Despite the country's best efforts, Spam texts remain a prevalent and persistent form of cybercriminal activity, with millions of messages being detected as of 2024.

Telecommunication companies such as Globe, PLDT and Smart have taken action against 5.5 million spam messages in the past year. However, even with this preventive action, the Cybercrime Investigation and Coordinating Center (CICC) noted that the losses of Filipino mobile phone users to spam texts have reached millions of dollars. Moreover, some instances of spam messages have also been found in instant messaging apps, which are not covered by the Sim Registration Act.

References: [1] [2] [3]

What do we aim to do?

Through this project, we want to be able to address the following questions in an effort to further understand the nature of SMS Spam Texts in the Philippines.

Main Question

What could be the trends and patterns of spam messages in the Philippines?


Secondary Question

Is there a difference between Spam messages before and after the deadline of the Sim Card Registration Act?


Null hypothesis

There is no difference in spam messages before and after the deadline of the SIM card registration act.


Alternative hypothesis

There are differences in spam messages before and after the deadline of the SIM card registration act.


Action Plan

Utilize data science tools and Natural Language Processing (NLP) to identify the patterns and trends of Spam text content.

How was the data collected?

The dataset used is a compilation of two public datasets available on Kaggle . Both of these datasets contain Philippine spam messages personally received and compiled by these Kaggle users.

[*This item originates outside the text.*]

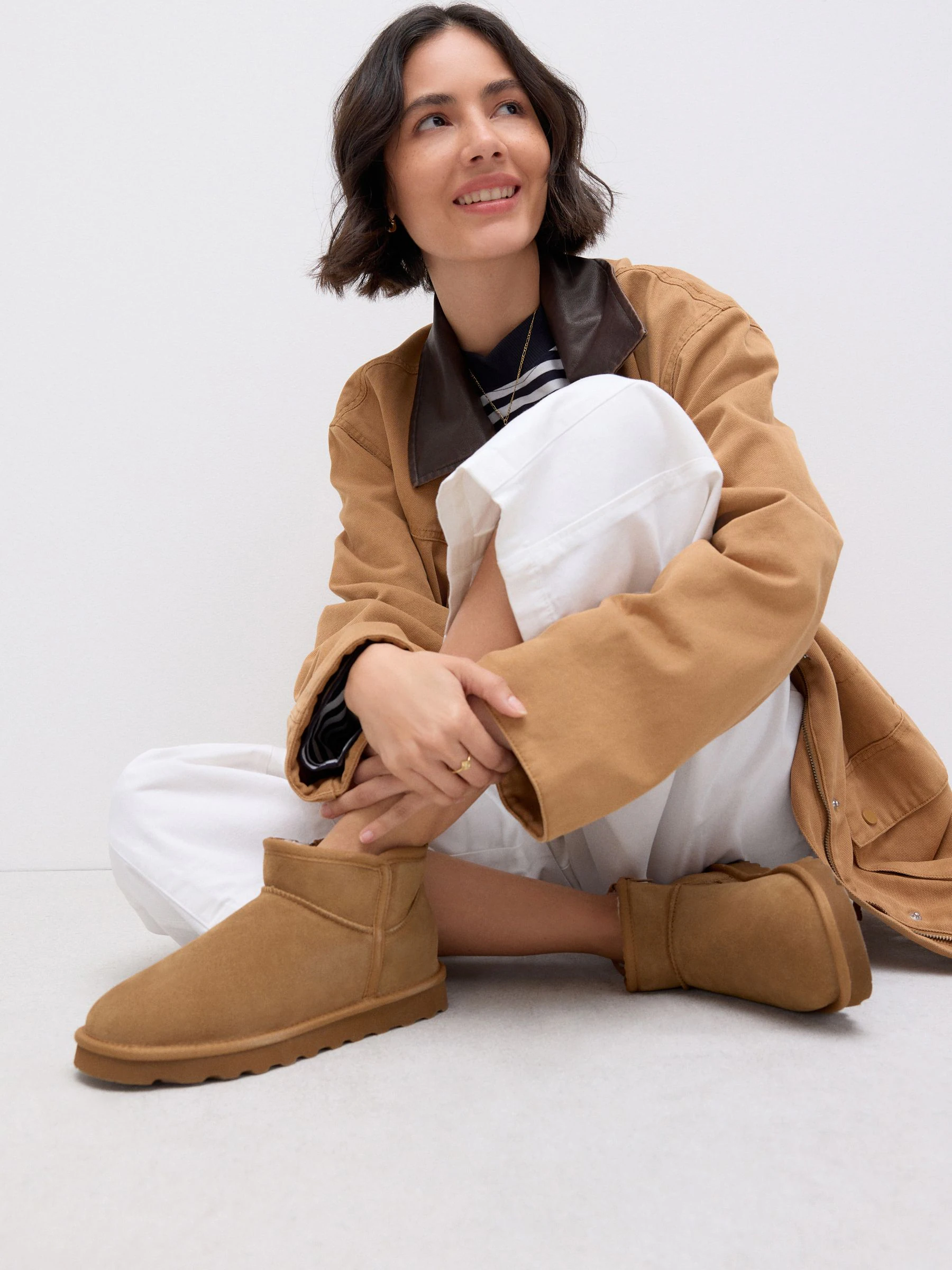 Tan Brown Suede Standard/Wide Fit Water Repellent Faux Fur Ankle Boots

Additionally, both datasets contain timestamps for when messages were received.

Keywords Text Spam SMS Registration Scam Philippines

Data Set A

  • Author: Scott Lee Chua
  • Date Start:09/30/2022
  • Data End:02/27/2024
  • Raw Count: 3464
  • Processed Count:467

Data Set B

  • Author:BwandoWando
  • Date Start:12/11/2022
  • Data End:03/31/2024
  • Raw Count:619
  • Processed Count:595

How was the data handled?

Through Python and its many libraries

Tools Python Jupyter Notebook Google Colab Google Sheets Pandas Deep Translator Natural Language Toolkit Regular Expressions NumPy Scikit-learn Plotly

Cleaning

The datasets were cleaned by filtering out entries that had insufficient data or contained data which could not be used .

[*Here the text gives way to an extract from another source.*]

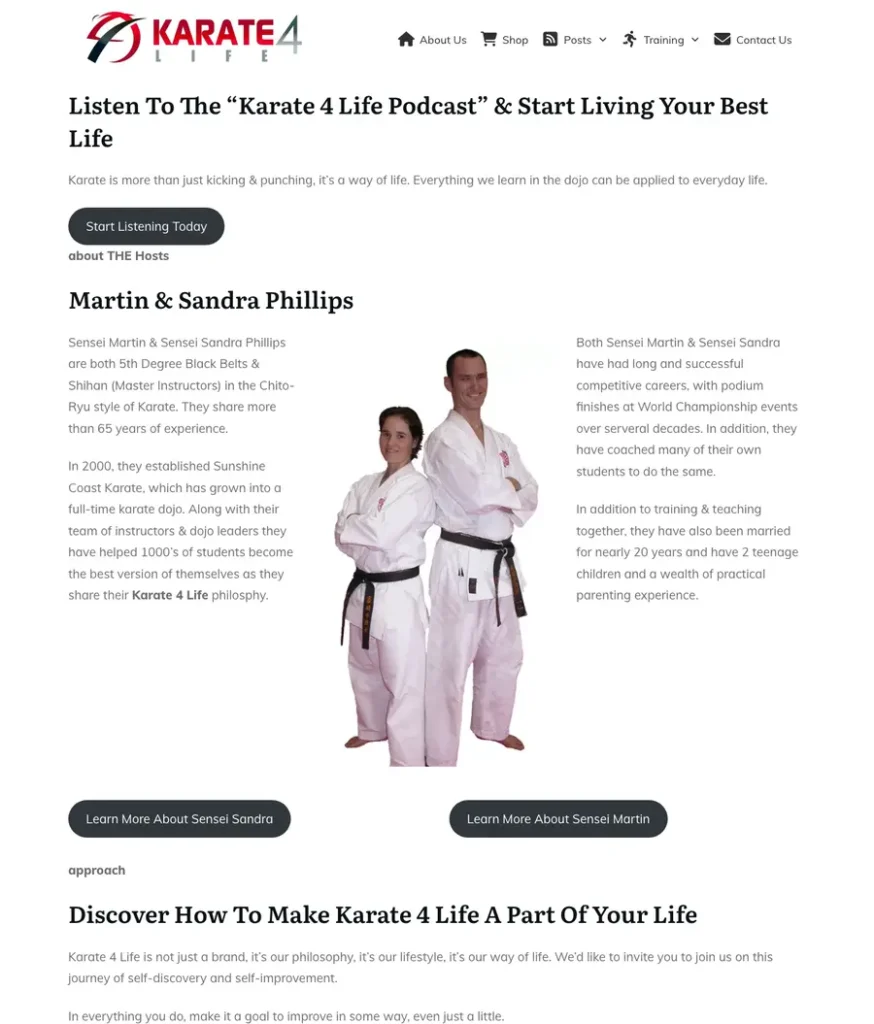 The same page converted to blocks: the same headings, text, photo and buttons in the theme's plain style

For this step, the entries containing the following properties were filtered out of the initial datasets:

  • non-exact duplicates
  • non-spam (Data Set A)
  • no phone number
  • no alphabetical characters in body
  • hidden or broken content
    ("Content not supported" or "<Redacted>")

Preprocessing

With both datasets cleaned, they were combined into a single compiled dataset. From here, several pieces of information were extrapolated from each entry including:

  • year
  • month
  • day of week
  • sender carrier
  • SMS length

Lastly, the SMS messages were prepared for topic modeling by applying the following:

  • emoticons were removed
  • text was translated to English
  • tokenization
  • lemmatization
  • stopword filtering
  • stemming

Topic Modeling

Using the prepared data obtained, topic modeling was performed on the SMS messages in the dataset to form eleven topic clusters.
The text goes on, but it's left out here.